Here's the problem, however...
It's fine if I'm just typing something out and I want it to display as underlined. That works fine.
The problem I have is that if, for example, I want a user to enter formatting information and I want to store it to a settings file and then recover it later, it won't work regardless if I use INI or TXT. I know TXT doesn't support control codes, but you can use $replace to change them to something else and then change them back when you load them back into the script later.

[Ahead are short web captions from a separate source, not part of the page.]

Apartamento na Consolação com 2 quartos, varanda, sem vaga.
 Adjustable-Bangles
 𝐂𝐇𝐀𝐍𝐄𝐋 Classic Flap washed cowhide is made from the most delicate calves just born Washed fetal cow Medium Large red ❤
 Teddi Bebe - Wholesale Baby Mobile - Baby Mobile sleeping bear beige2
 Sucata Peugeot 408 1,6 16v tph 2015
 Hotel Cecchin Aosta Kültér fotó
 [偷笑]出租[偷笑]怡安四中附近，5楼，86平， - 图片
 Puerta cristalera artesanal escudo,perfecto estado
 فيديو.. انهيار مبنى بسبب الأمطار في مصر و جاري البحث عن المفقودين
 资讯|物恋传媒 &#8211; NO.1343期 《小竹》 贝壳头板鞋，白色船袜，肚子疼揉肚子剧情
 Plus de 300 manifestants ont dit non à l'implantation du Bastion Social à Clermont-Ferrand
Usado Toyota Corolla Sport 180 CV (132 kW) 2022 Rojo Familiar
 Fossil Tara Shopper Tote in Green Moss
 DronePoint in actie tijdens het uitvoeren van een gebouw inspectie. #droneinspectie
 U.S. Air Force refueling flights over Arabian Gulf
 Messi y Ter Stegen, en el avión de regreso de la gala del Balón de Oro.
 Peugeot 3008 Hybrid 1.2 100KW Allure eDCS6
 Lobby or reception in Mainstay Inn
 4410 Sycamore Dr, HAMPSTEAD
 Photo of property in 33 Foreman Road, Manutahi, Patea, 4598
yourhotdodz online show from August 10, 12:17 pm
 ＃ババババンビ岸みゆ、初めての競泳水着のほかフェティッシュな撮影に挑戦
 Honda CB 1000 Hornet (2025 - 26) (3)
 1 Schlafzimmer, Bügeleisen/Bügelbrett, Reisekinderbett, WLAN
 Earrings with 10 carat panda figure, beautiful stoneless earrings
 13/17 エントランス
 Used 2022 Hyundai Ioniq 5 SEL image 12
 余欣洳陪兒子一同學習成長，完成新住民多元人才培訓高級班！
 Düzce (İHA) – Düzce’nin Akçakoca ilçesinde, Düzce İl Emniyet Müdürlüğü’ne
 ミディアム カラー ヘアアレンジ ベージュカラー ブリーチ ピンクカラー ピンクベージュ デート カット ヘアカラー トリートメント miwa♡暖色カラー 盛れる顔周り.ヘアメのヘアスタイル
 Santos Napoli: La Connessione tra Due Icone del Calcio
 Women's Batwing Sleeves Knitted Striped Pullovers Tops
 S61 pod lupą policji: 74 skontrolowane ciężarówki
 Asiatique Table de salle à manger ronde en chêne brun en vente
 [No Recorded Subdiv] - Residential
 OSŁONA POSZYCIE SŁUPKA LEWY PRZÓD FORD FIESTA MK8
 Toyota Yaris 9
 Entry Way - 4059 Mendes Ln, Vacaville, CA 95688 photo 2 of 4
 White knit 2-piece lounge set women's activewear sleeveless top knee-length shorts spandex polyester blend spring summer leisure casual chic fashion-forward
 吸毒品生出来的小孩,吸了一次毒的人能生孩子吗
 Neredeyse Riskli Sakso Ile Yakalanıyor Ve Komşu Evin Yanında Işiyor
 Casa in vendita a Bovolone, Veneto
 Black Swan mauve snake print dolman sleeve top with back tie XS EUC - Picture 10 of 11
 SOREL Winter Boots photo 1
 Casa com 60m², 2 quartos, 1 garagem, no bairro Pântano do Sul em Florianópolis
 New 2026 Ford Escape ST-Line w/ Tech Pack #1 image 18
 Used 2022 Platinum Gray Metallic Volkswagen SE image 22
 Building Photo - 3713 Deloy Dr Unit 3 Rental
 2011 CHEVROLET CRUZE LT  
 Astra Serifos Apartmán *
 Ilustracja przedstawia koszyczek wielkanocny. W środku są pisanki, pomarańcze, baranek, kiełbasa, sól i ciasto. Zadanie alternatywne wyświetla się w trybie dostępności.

What happens is that the script says that the invisible ctrl-u character isn't ctrl-u anymore. It treats it as a space or something else. Therefore, if I am using the Japanese code pages, I cannot write a script that uses Ctrl-U in it if I want it to save the ctrl-u to a file and then load it back again. If the script was written by someone else, it works fine, even if I can't see the ctrl-u... it's something with how the code page affects how I enter a ctrl-u. mIRC accepts it fine on the command line or even on a simple /msg command in a script, but not when you're saving settings and reloading them. And, as I said, this doesn't work even if you're changing the ctrl-u to another character and saving that, then changing it back to ctrl-u afterwards. It just doesn't work.
The only way I can avoid that problem is to tell users to use another ctrl-code combination (I've had them use Ctrl-R) for underlining. I can then replace the ctrl-R with ctrl-U when loading settings and that works fine. Don't ask me why one method works and the other doesn't... it's something to do with the character being used... I think it treats it as a $null or something at times... not really sure. Anyhow, telling people to use another ctrl-code combination instead of ctrl-u for underlining is rather troublesome for them.
AFAIK, the only ctrl-code that this affects is ctrl-u. Therefore, I would really like to see an alternate character that can be used for ctrl-u that works like I mentioned above (where it's accepted for everyone, right alongside the current character). See above for how I mentioned it working.